Pull every line that includes the word "Villa" from the data.

════════════════

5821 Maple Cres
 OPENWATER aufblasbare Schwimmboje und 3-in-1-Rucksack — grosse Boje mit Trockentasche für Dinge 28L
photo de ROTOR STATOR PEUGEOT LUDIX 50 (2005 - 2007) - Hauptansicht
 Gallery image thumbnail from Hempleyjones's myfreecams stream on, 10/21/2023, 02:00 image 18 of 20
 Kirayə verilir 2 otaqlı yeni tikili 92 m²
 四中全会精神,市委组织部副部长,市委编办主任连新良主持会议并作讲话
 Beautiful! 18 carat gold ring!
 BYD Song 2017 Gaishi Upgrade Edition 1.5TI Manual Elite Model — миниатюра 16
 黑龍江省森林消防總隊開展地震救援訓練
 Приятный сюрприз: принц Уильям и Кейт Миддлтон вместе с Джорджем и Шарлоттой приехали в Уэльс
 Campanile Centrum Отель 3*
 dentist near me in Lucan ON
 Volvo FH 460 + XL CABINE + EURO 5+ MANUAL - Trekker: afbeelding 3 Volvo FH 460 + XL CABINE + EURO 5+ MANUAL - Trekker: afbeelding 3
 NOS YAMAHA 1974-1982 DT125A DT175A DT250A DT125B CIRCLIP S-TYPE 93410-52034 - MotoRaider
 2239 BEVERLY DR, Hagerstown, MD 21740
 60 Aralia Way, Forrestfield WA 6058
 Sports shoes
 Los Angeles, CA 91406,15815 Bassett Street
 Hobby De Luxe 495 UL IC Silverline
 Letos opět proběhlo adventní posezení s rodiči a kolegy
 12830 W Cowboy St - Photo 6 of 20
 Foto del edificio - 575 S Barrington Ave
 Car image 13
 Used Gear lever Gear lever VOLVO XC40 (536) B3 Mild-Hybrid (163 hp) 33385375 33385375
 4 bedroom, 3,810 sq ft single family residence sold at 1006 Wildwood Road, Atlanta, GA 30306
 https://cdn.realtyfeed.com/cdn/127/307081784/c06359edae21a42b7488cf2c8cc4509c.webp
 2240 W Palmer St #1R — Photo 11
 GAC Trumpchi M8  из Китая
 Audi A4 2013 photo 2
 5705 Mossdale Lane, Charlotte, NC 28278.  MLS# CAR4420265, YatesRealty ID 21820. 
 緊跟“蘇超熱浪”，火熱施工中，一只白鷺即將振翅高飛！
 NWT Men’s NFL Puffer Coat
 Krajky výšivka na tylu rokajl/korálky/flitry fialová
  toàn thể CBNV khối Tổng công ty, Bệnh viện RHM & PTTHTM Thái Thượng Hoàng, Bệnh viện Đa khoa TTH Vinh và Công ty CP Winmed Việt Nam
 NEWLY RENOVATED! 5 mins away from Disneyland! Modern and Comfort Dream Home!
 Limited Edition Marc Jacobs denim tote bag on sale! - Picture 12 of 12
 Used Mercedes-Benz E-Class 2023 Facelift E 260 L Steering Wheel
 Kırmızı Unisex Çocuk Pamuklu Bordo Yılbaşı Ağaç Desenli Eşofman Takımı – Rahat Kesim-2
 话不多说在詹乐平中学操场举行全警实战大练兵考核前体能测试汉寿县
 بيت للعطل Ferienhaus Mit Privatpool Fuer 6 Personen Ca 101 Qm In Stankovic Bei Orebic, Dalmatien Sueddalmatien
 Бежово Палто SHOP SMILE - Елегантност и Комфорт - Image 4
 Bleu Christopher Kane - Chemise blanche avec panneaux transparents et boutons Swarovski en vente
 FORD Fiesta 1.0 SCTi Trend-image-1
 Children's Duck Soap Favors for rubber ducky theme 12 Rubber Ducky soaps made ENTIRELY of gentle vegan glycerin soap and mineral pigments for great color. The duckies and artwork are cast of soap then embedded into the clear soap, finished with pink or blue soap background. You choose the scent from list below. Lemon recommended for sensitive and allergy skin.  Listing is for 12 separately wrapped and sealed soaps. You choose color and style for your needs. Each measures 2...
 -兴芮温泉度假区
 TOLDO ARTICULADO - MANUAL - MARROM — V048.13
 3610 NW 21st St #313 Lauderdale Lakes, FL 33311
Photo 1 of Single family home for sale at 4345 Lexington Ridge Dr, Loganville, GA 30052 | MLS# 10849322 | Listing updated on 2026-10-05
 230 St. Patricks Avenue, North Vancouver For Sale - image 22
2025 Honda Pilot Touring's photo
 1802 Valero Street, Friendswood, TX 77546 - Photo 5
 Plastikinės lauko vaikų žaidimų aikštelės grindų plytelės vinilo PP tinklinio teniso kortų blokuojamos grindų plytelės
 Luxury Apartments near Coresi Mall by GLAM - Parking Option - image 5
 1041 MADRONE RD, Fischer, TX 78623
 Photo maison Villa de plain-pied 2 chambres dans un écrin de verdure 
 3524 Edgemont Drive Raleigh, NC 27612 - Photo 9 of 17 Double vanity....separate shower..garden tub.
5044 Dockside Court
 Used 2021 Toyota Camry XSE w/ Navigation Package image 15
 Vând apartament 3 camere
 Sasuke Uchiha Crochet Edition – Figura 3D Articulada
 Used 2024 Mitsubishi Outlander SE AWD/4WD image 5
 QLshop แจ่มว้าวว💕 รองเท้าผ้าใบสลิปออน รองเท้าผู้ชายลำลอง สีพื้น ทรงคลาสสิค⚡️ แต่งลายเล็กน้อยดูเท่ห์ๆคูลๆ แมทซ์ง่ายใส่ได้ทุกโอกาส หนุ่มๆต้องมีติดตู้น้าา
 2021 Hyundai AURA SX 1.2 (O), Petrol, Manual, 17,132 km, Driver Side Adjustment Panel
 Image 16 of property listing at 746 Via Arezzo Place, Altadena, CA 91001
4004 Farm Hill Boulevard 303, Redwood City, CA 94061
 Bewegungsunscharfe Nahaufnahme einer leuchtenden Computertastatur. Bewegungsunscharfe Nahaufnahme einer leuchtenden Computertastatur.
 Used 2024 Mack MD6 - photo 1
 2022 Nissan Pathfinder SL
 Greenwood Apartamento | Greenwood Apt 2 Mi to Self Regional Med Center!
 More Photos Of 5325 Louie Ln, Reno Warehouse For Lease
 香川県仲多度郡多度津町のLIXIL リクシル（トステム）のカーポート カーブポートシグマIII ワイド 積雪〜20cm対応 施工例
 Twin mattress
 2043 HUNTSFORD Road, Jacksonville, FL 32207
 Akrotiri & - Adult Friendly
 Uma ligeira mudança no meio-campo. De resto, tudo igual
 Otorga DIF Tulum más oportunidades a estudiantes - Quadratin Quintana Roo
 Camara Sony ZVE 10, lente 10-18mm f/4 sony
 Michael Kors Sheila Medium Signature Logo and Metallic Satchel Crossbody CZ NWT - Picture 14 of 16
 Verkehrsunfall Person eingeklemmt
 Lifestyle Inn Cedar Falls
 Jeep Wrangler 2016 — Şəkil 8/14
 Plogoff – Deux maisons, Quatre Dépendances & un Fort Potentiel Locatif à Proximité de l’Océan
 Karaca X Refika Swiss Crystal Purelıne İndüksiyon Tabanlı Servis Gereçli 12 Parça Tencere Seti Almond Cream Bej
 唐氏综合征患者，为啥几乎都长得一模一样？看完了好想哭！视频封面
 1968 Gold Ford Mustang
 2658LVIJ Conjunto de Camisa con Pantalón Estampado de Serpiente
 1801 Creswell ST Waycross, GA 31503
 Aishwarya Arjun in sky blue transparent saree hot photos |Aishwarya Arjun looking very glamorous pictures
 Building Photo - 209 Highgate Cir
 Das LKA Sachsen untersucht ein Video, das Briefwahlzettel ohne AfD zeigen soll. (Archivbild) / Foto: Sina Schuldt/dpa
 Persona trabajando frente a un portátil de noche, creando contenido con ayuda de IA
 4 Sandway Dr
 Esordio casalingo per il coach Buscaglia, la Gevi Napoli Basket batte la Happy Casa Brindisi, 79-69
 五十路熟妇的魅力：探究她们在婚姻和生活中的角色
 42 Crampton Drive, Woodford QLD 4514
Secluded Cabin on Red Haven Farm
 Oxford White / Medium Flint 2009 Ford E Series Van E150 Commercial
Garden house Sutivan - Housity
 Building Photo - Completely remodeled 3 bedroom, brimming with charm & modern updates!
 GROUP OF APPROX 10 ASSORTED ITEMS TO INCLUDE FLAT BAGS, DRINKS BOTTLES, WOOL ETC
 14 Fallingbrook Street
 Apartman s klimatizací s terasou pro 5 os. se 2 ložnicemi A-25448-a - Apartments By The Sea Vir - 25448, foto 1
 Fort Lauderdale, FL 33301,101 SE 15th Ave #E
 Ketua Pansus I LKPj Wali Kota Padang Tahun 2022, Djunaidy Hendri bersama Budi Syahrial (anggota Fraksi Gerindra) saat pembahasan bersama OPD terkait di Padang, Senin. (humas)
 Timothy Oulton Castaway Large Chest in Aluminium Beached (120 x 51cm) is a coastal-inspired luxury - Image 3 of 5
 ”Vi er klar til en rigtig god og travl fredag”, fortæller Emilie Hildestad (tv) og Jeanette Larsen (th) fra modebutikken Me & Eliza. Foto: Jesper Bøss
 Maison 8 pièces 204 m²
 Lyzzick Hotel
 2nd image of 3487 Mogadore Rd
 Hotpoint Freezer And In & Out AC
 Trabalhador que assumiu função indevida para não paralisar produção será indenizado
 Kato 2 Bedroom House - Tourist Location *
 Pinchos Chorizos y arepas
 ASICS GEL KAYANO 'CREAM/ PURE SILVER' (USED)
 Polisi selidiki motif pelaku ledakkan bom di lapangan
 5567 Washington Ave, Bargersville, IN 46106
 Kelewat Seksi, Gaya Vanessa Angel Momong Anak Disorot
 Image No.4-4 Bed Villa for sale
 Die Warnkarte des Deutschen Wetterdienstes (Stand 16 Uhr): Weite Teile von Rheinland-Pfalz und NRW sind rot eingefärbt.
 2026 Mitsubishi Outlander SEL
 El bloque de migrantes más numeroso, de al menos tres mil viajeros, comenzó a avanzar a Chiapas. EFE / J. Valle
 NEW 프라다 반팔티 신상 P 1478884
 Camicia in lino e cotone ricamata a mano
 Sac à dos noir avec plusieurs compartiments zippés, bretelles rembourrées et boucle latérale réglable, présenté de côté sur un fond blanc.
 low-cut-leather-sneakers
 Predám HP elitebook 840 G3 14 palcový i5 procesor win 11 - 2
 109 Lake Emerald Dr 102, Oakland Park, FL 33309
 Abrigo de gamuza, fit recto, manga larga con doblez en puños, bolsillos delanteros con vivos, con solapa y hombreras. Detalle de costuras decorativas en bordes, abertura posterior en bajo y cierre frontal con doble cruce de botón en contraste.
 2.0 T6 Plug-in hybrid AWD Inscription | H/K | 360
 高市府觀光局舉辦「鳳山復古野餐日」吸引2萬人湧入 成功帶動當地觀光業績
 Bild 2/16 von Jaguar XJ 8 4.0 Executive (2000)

════════════════

Problem solution:
 Photo maison Villa de plain-pied 2 chambres dans un écrin de verdure 
 Image No.4-4 Bed Villa for sale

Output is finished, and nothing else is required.